[Opening GIVEN DATA section]

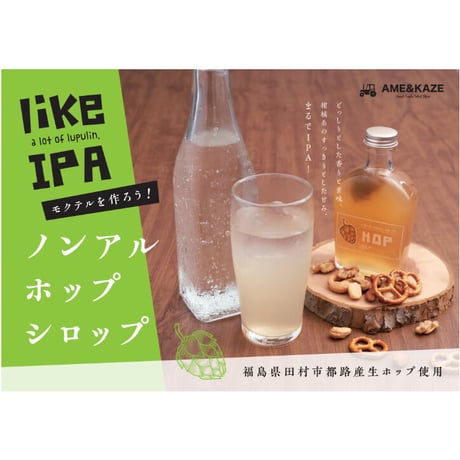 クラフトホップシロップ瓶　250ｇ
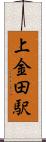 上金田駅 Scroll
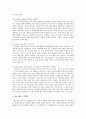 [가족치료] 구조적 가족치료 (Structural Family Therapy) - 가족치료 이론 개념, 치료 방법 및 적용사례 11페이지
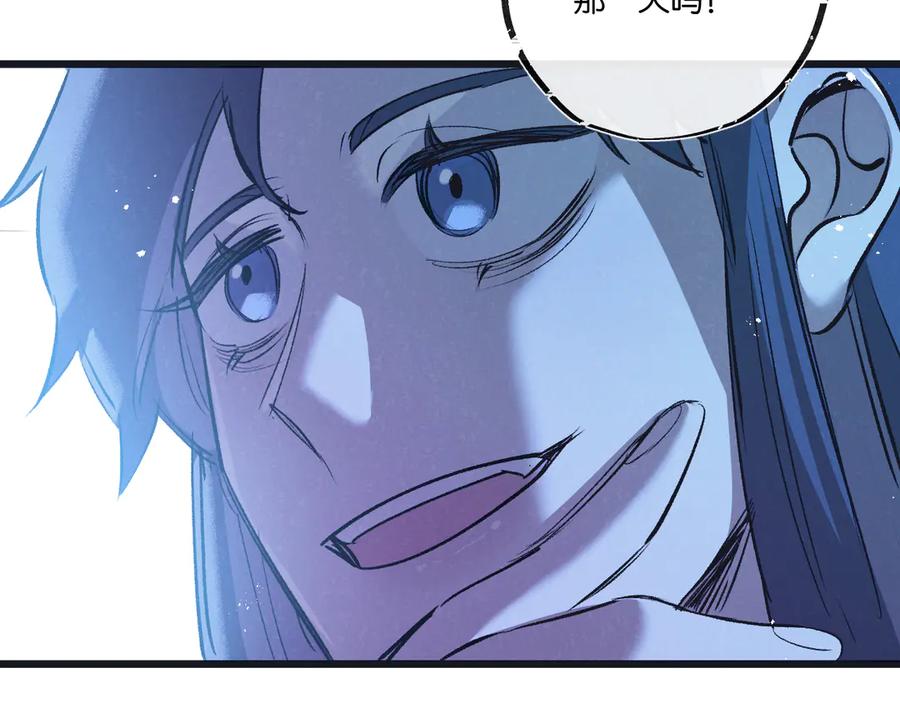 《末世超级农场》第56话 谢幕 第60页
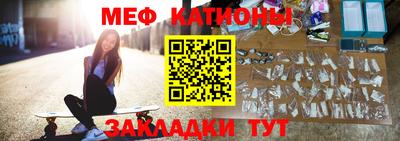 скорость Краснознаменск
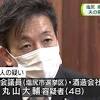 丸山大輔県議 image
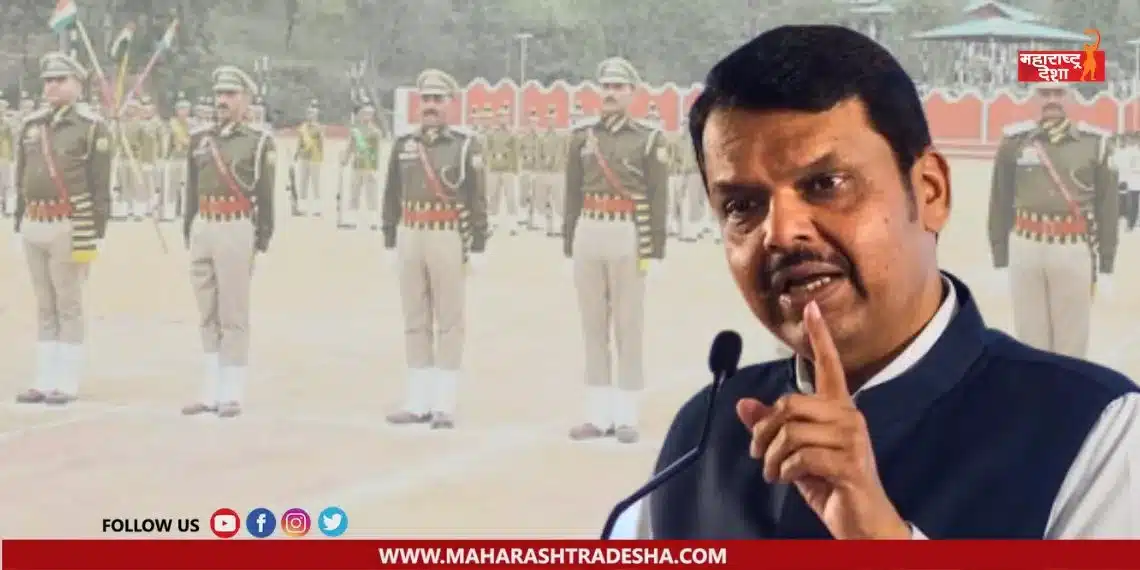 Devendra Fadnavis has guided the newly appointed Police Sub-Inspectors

[Closing GIVEN DATA section]
[Opening GIVEN DATA section]

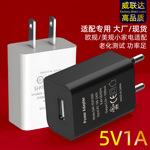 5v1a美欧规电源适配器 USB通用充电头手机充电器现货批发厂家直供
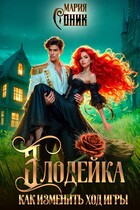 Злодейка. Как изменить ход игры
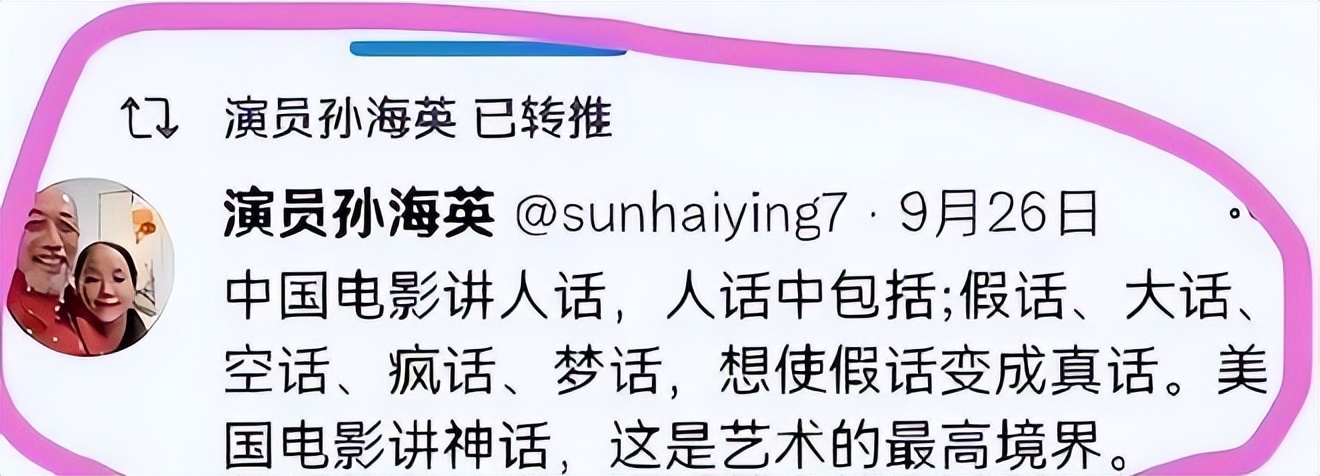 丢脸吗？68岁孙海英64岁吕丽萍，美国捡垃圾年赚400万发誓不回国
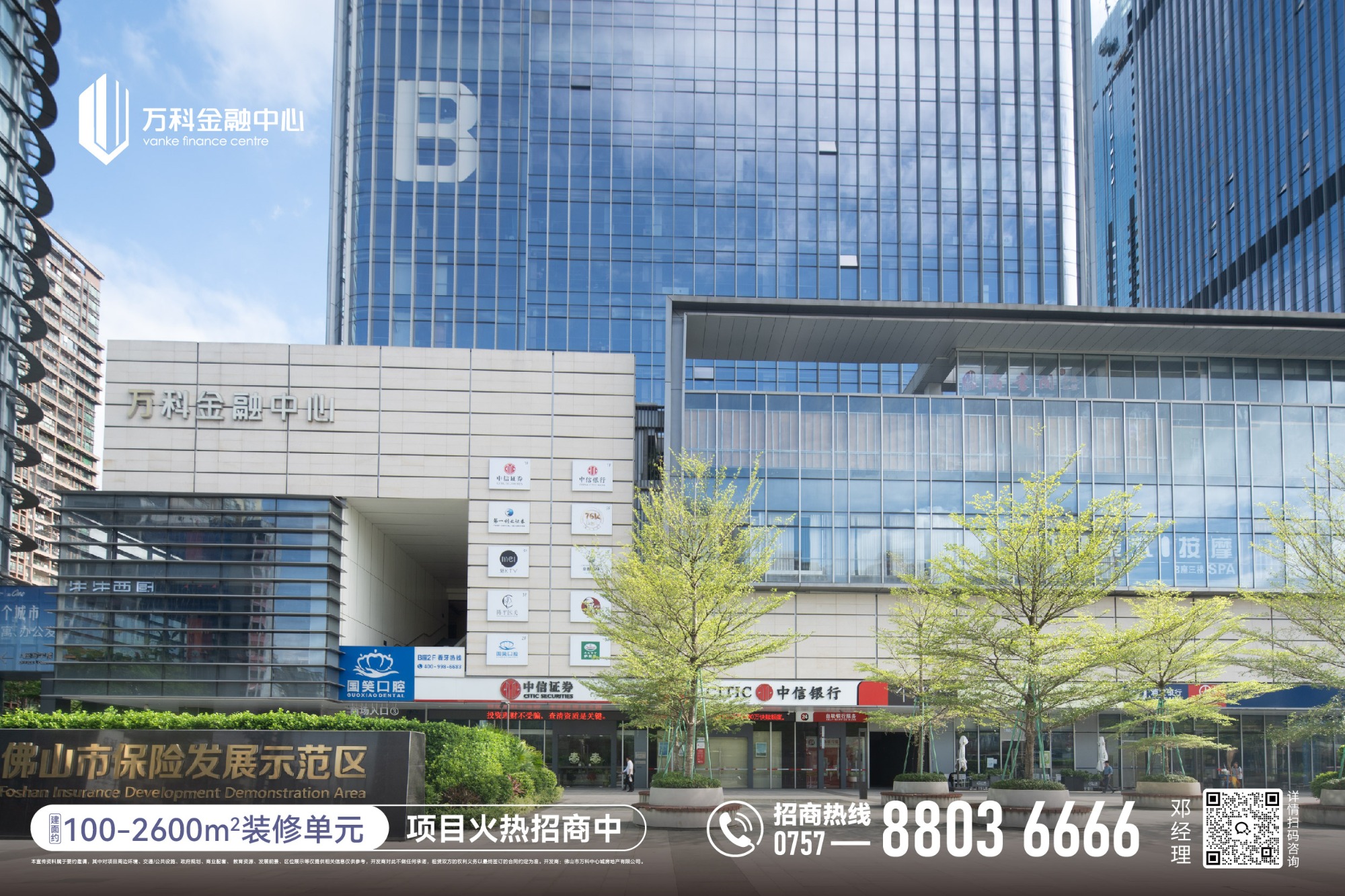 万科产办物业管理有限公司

[Closing GIVEN DATA section]

Set the pictures aside and retype exactly the lines above from the line with "Злодейка. Как изменить ход игры" to the line with "万科产办物业管理有限公司", both included, adding no others.

 Злодейка. Как изменить ход игры
 丢脸吗？68岁孙海英64岁吕丽萍，美国捡垃圾年赚400万发誓不回国
 万科产办物业管理有限公司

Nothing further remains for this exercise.